If a primitive patch A has a pre-context a, a post-context o, and a primitive patch B has a pre-context o, a post-context b, then we can combine two patches to obtain a sequential patch AB with the pre-context a and the post-context b.

Every primitive patch (x)-A->(y) has an inverse (y)-A^{-1}->(x), such that (x)-A->(y)-A^{-1}->(x) is equivalent to the identity patch (x)-1->(x).

In the next sections we will see how those things are implemented in darcs.

Primitive patches and witnesses

A primitive patch, which constitutes a single fine grained change, can be represented as a (G)ADT:

data Prim where
Move :: FileName -> FileName -> Prim
RmFile :: FileName -> Prim
Hunk :: FileName -> Int -> ByteString -> ByteString -> Prim
RmDir :: FileName -> Prim
…

We can represent complex patches as sequences of primitive patches:

data Patch where
NilP :: Patch
PrimP :: Prim -> Patch
SeqP :: Patch -> Patch -> Patch

This seems reasonable enough. But if we implement our patch theory this way we seem to be missing something — patches have (pre- and post-) contexts. Having contexs allows us to enforce patch composition on the level of type system. Consider the following definition, which uses phantom types as type witnesses for contexts.

data Prim x y where
Move :: FileName -> FileName -> Prim x y
RmFile :: FileName -> Prim x y
AddFile :: FileName -> Prim x y
Hunk :: FileName -> Int -> ByteString -> ByteString -> Prim x y
RmDir :: FileName -> Prim x y
…

data Patch x y where
NilP :: Patch x x
PrimP :: Prim x y -> Patch x y
SeqP :: Patch x y -> Patch y z -> Patch x z

We call the types with witnesses representing pre- and post-contexts directed types. Intuitively, the directed type D x y has a “direction” from x to y, written as (x)->(y). The Prim datatype looks pretty much like the type actually used in Darcs. The Patch datatype, however, is completely artificial. We will see in the next sections how Darcs really models complex patches.

Directed programming

FL & RL

Two particularly useful directed types used in darcs are directed lists: forwards lists of the type FL a x y and reverse lists RL a x y.
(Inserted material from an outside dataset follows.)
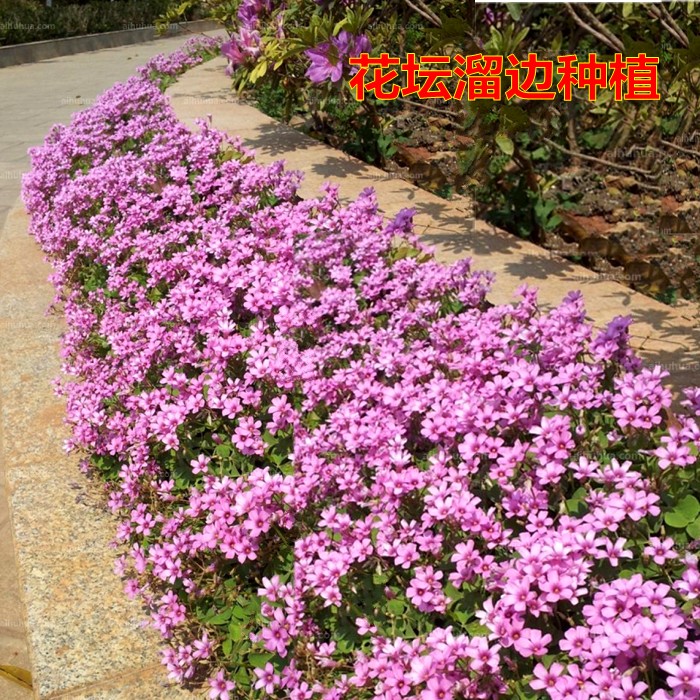 红花醡浆草三叶草苗紫叶酢浆草四季开花盆栽地栽庭院地被花卉植物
Forward lists “go” from the head to the tail; reverse lists “go” from the tail to the head. The lists are polymorphic over a just like regular lists.

data FL a x y where
NilFL :: FL a x x    {- The empty list stays at (x) -}
(:>:) :: a x y -> FL a y z -> FL a x z
infixr 5 :>:

For myself, I visualise forward lists like this:

(x) —a—> (y) —b—> (z) ——Nil——> (z)
a :: Patch x y
b :: Patch y z
(a :>: b :>: NilFL) :: FL Patch x z

The reverse lists are “going” from tail to head1

data RL a x y where
NilRL :: RL a x x
(:<:) :: RL a x y -> a y z -> RL a x z
infixl 5 :<:

(Mnemonically, the the head is always “greater” than the tail)

The reason I used the word “go” inside quotation marks so far is the following. Reverse lists and forward lists represent the same concept: a sequence of patches (or a sequence of directed things for that matter). They only differ in the associativity of the elements. Forward lists associate to the right, but reverse lists associate to the left.

p = Move "foo" "bar"

-- [[(x) --Nil--> (x) -p-> (y)] -id-> (y)] -p^{-1}-> (x)
example :: RL Patch x x
example = NilRL :<: p :<: Identity :<: inverse p

-- (x) -p-> [(y) -p^{-1}-> (x) --Nil--> (x)]
example2 :: FL Patch x x
example2 = p :>: inverse p :>: NilFL

The right-associated/reverse lists provide easy access to the last element of the sequence; the left-associated/forward lists provide easy access to the first element of the sequence. Therefore, if we view a repository as a directed sequence of patches, right-associated lists are useful for operations that work on the “latest” patches in the repository (such as record/unrecord), and left-associated lists are useful for commands that scan the repository from the beginning (like clone).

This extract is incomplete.